▶ Try it: Once you have read the entries, copy all of them exactly.
▼
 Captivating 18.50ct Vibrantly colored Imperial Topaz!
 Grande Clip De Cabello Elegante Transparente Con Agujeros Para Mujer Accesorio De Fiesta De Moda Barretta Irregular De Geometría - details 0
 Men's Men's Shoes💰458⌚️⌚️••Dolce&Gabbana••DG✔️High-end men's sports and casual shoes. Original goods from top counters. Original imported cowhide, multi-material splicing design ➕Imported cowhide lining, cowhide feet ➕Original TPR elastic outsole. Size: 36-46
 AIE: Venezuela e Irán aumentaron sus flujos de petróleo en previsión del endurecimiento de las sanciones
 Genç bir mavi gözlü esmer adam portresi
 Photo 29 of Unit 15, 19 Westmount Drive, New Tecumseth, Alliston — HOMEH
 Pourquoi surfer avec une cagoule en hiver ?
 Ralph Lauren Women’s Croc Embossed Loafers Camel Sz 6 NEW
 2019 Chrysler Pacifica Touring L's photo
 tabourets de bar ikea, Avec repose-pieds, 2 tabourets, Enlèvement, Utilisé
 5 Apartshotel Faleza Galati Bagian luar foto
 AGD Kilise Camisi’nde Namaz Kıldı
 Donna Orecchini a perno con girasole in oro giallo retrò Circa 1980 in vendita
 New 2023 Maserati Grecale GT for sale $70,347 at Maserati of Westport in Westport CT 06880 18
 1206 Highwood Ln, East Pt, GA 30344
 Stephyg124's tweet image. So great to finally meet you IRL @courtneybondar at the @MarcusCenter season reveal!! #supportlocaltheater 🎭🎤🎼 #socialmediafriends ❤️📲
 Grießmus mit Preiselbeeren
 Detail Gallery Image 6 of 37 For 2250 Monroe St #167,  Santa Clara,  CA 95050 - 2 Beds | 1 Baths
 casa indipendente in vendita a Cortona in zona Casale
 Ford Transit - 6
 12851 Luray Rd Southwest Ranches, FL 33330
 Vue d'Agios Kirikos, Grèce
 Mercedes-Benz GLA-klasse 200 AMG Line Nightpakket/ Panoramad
▲
▶ Response for this exercise:
 Captivating 18.50ct Vibrantly colored Imperial Topaz!
 Grande Clip De Cabello Elegante Transparente Con Agujeros Para Mujer Accesorio De Fiesta De Moda Barretta Irregular De Geometría - details 0
 Men's Men's Shoes💰458⌚️⌚️••Dolce&Gabbana••DG✔️High-end men's sports and casual shoes. Original goods from top counters. Original imported cowhide, multi-material splicing design ➕Imported cowhide lining, cowhide feet ➕Original TPR elastic outsole. Size: 36-46
 AIE: Venezuela e Irán aumentaron sus flujos de petróleo en previsión del endurecimiento de las sanciones
 Genç bir mavi gözlü esmer adam portresi
 Photo 29 of Unit 15, 19 Westmount Drive, New Tecumseth, Alliston — HOMEH
 Pourquoi surfer avec une cagoule en hiver ?
 Ralph Lauren Women’s Croc Embossed Loafers Camel Sz 6 NEW
 2019 Chrysler Pacifica Touring L's photo
 tabourets de bar ikea, Avec repose-pieds, 2 tabourets, Enlèvement, Utilisé
 5 Apartshotel Faleza Galati Bagian luar foto
 AGD Kilise Camisi’nde Namaz Kıldı
 Donna Orecchini a perno con girasole in oro giallo retrò Circa 1980 in vendita
 New 2023 Maserati Grecale GT for sale $70,347 at Maserati of Westport in Westport CT 06880 18
 1206 Highwood Ln, East Pt, GA 30344
 Stephyg124's tweet image. So great to finally meet you IRL @courtneybondar at the @MarcusCenter season reveal!! #supportlocaltheater 🎭🎤🎼 #socialmediafriends ❤️📲
 Grießmus mit Preiselbeeren
 Detail Gallery Image 6 of 37 For 2250 Monroe St #167,  Santa Clara,  CA 95050 - 2 Beds | 1 Baths
 casa indipendente in vendita a Cortona in zona Casale
 Ford Transit - 6
 12851 Luray Rd Southwest Ranches, FL 33330
 Vue d'Agios Kirikos, Grèce
 Mercedes-Benz GLA-klasse 200 AMG Line Nightpakket/ Panoramad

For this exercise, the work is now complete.